NSW Gun Safe laws

  • Filter
  • Time
  • Show
Clear All
new posts

  • NSW Gun Safe laws

    I bought a gun safe from my LGS a few years back and didn't think to check the min requirements in Australia. The safe which is just for A/B longarms only has two bolt holes in the rear and none on the floor. The floor is tiled anyway so I'm not keen to drill through it to find a beam.
    Looking at the guidelines it looks like you need 4 securing points which means I'm two short.
    Should I attempt drilling through the safe at the back or cut my losses, buy a new one and find a new LGS?

  • #2
    To my knowledge pistol safes are to be 6mm steel with 12mm door
    and constructed in a way that the door cannot be opened if the hinges are cut off
    Better buy a second hand safe
    Yes they do need 4 bolts in the base


    • Guest's Avatar
      Guest commented
      Editing a comment
      The police will come to your premises, take into consideration the location of your safe and how secure the room is, inspect reasonable fastening is used, then pull, push and try to move the safe using reasonable body weight/force if the safe dose not jiggle or appear like it may come loose it will pass.

      there is no legal requirement for a minimum of 4 dyno bolts, how if the safe jiggles or moves you will need to use as many as needed to secure it.

      if you want to be on the cautious side then drill 2 more holes and put 2 dyno bolts into the wall, position them toward the corners of the safe for better stability.

      These are the safe keeping requirements for A/B as stated in Firearms Act 1996.

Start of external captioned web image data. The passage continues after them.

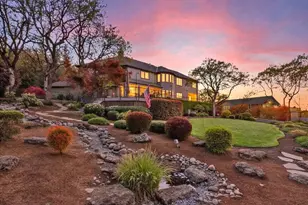 2583 Oak View Cir, Medford, OR 97504 - Photo 1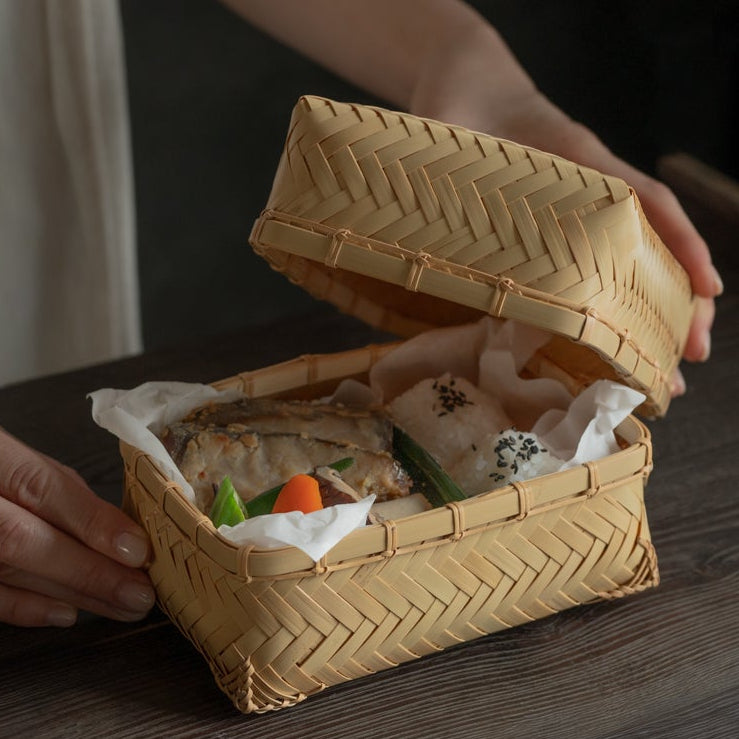 Caja bento de bambú tejida Ajiro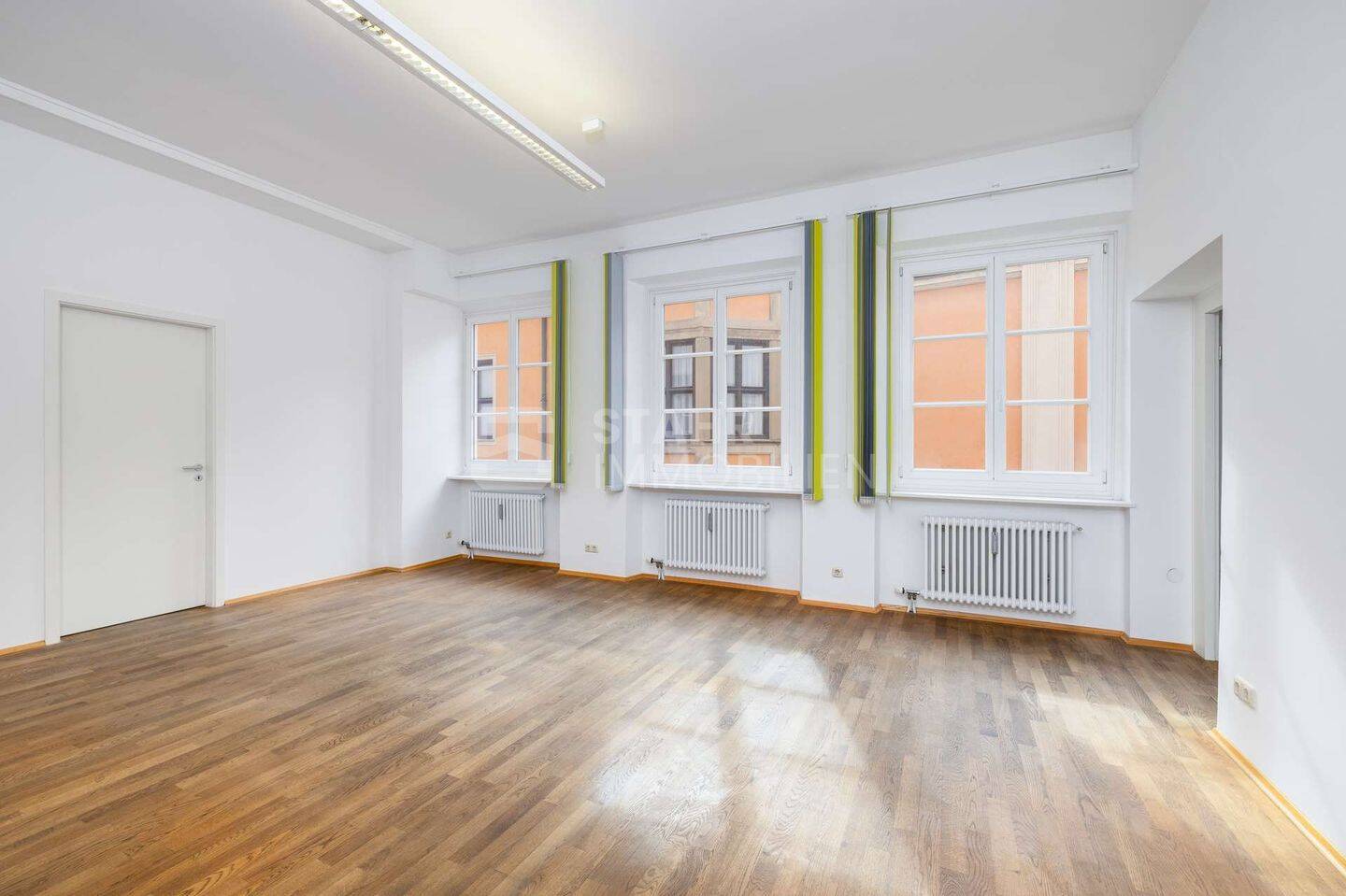 Raum für Ideen - Großzügige Altbauwohnung mit 4 Zimmern im Herzen von Augsburg – Augsburg – Vorschaubild 2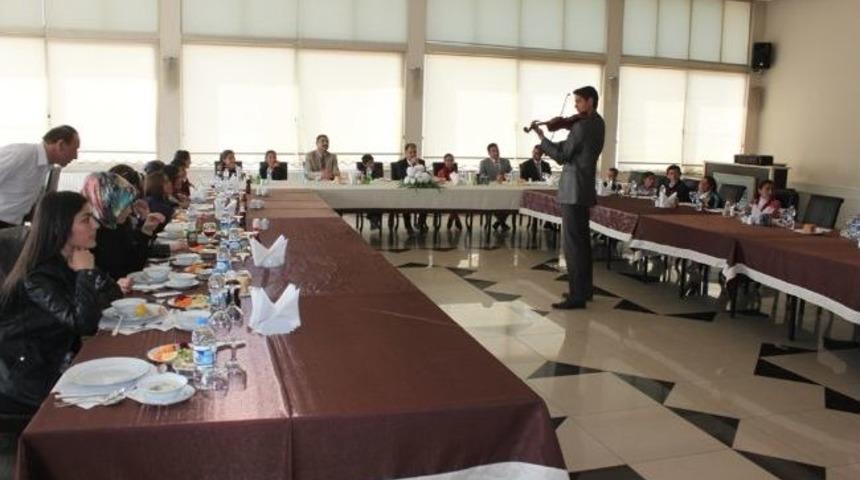 Milli Eğitim M&uuml;d&uuml;r&uuml; Kına Başkaleli &Ouml;ğrencileri Kabul Etti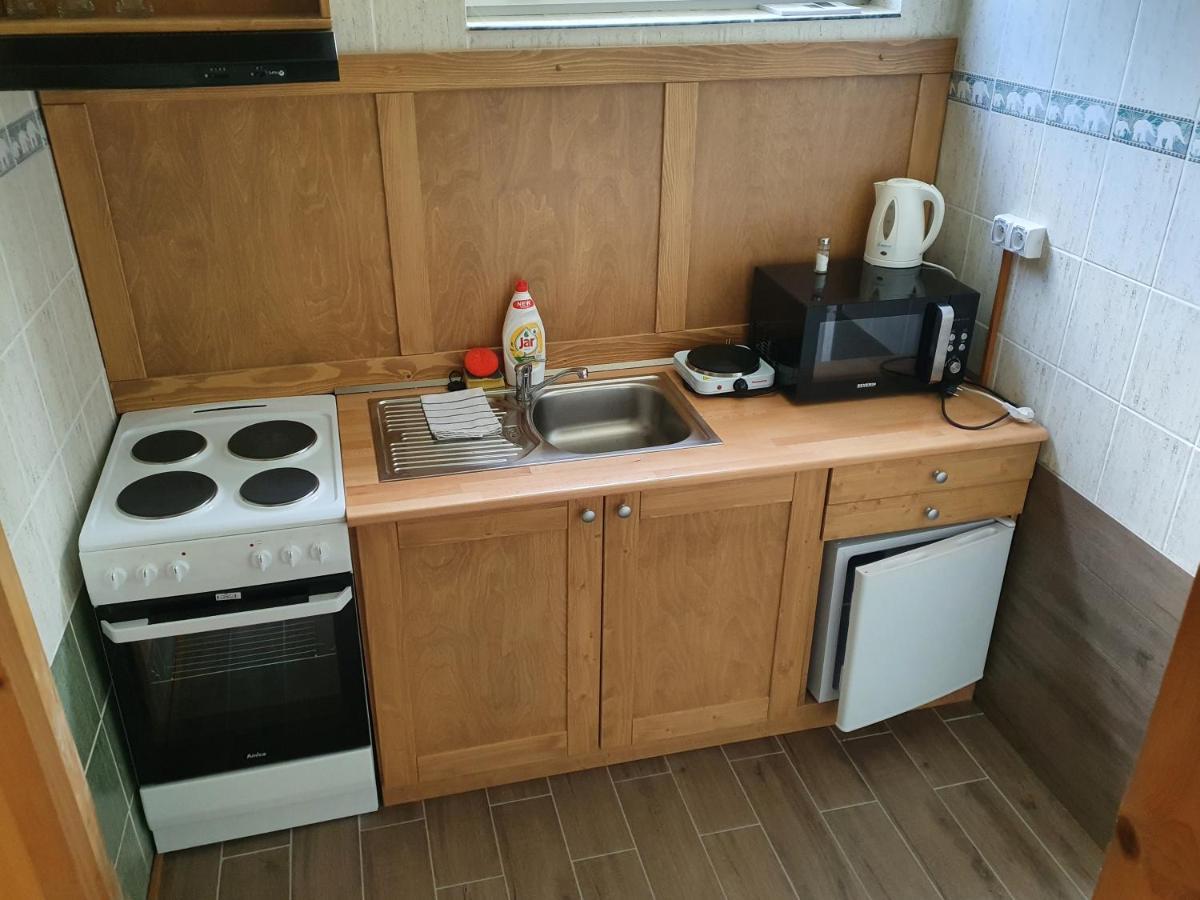 Relax Penzion U Adama Dolna Tizina Екстер'єр фото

      There is no minimum requirement for material wall thickness!
      There is no minimum requirement for number of, or type of device used to secure the safe or where it is to be secured!
      You will not find a safe in any gun shop that has been approved by the commissioner.

      The catch is in the General requirement, "A person who possesses a firearm must take all reasonable precautions to ensure"

      Firearms Act 1996

      Part 4 Safe keeping of firearms
      (cf APMC 8, 1989 Act s 12)

      39 General requirement
      (1) A person who possesses a firearm must take all reasonable precautions to ensure:
      (a) its safe keeping, and
      (b) that it is not stolen or lost, and
      (c) that it does not come into the possession of a person who is not authorised to possess the firearm.
      Maximum penalty: 50 penalty units or imprisonment for 2 years, or both, if it is established beyond reasonable doubt that the firearm concerned was a prohibited firearm or a pistol, or 20 penalty units or imprisonment for 12 months, or both, in any other case.

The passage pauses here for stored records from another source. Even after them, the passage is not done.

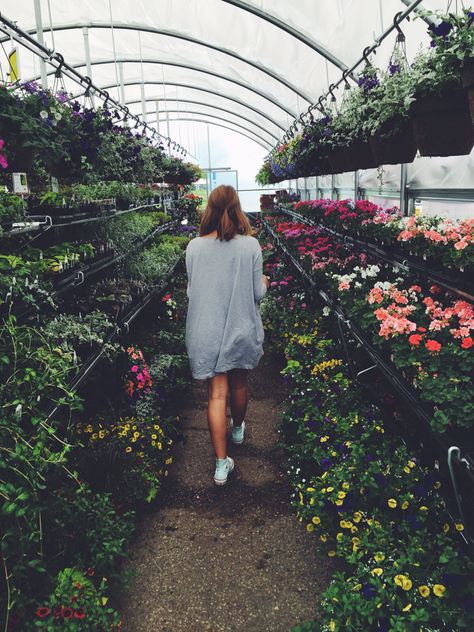 happy heart Plants Are Friends, Chuck E Cheese, Foto Pose, Foto Inspiration, Instagram Inspo, Fotografi Potret, Inspirational Pictures, Flower Child, Photography Inspo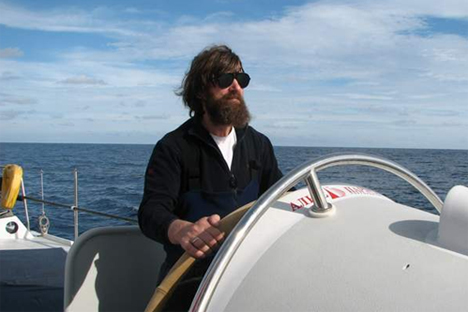 Fiódor Kóniujov a bordo de un velero. Fuente: Konyukhov.ru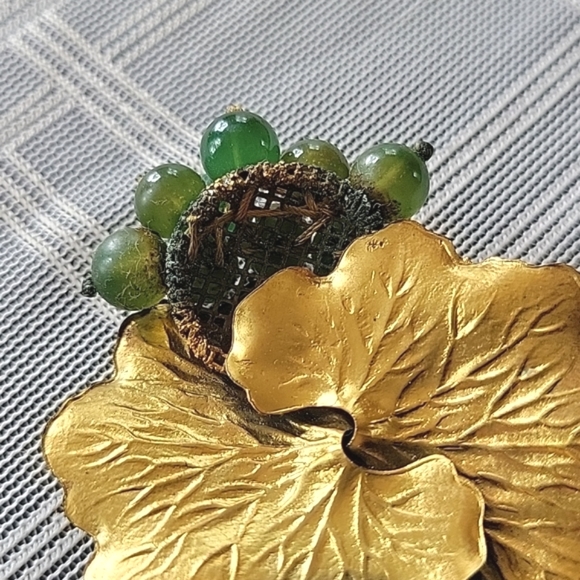 Vintage Brass and Glass Beads Single Shoe Clip - Picture 6 of 7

      (2) The regulations may specify the precautions that are taken to be reasonable precautions for the purposes of this section.

      40 Category A and category B licence requirements
      (1) The holder of a category A or category B licence must comply with the following requirements in respect of any firearm to which the licence applies:
      (a) when any such firearm is not actually being used or carried, it must be stored in a locked receptacle of a type approved by the Commissioner and that is constructed of hard wood or steel and not easily penetrable,
      (b) if such a receptacle weighs less than 150 kilograms when empty, it must be fixed in order to prevent its easy removal,
      (c) the locks of such a receptacle must be of solid metal and be of a type approved by the Commissioner,
      (d) any ammunition for the firearm must be stored in a locked container of a type approved by the Commissioner and that is kept separate from the receptacle containing any such firearm,
      (e) such other requirements relating to security and safe storage as may be prescribed by the regulations.
      Maximum penalty: 20 penalty units or imprisonment for 12 months, or both.

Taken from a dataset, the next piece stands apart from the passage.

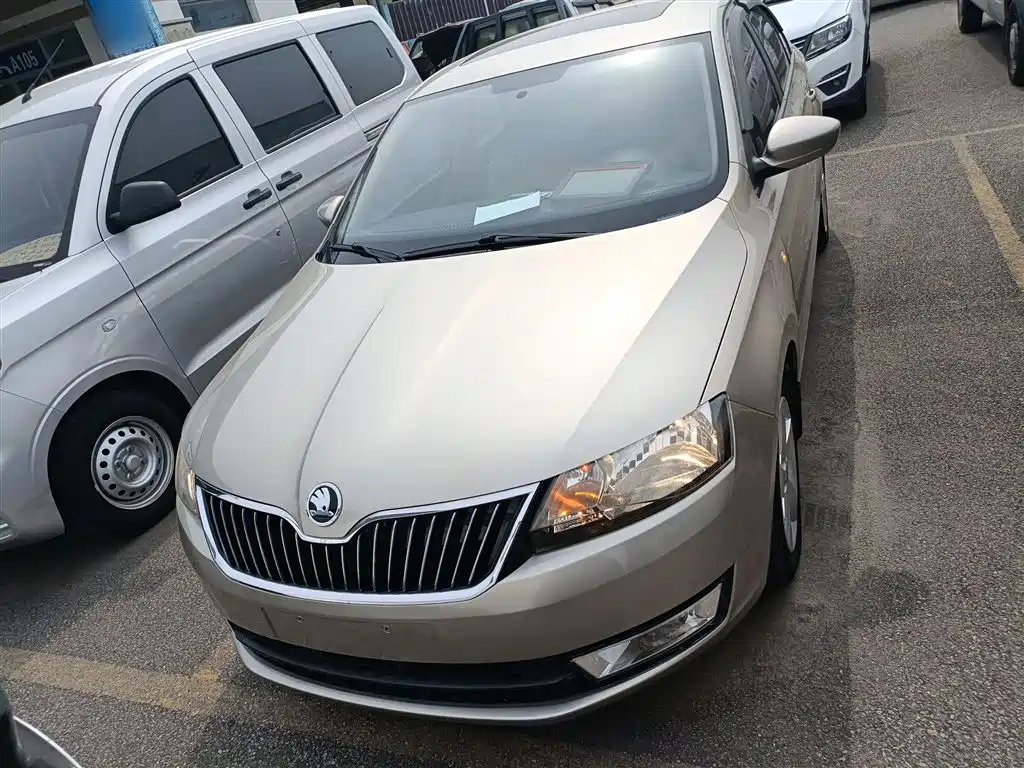 Rapid 1.6 L Auto Smart Select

      (2) A licensee does not have to comply with the requirements of this section if the licensee satisfies the Commissioner that the licensee has provided alternative arrangements for the storage of firearms in the licensee’s possession that are of a standard not less than the requirements set out in this section.

  • #3
    heckler just drill 2 more holes in the back no need for a new safe.


    • #4
      Thanks for the info. im only going into a wall stud so I can't place on the sides. It's in an internal storage room that I can lock if it helps but at the end of the day with a decent shove on a tyre Lever you could rip the whole stud out I guess but surely any one in timber home is in the same position.


      • #5
        Drill two more holes far away from the first.

        Its stated on the police website it should have atleast 4 anchors. May not be in the act but if it is stolen and they prove there were only two holes they are likely to charge you with failing to take "all reasonable precautions to ensure the firearm is
        kept safely, is not lost or stolen and does not come into the possession of an unauthorised person"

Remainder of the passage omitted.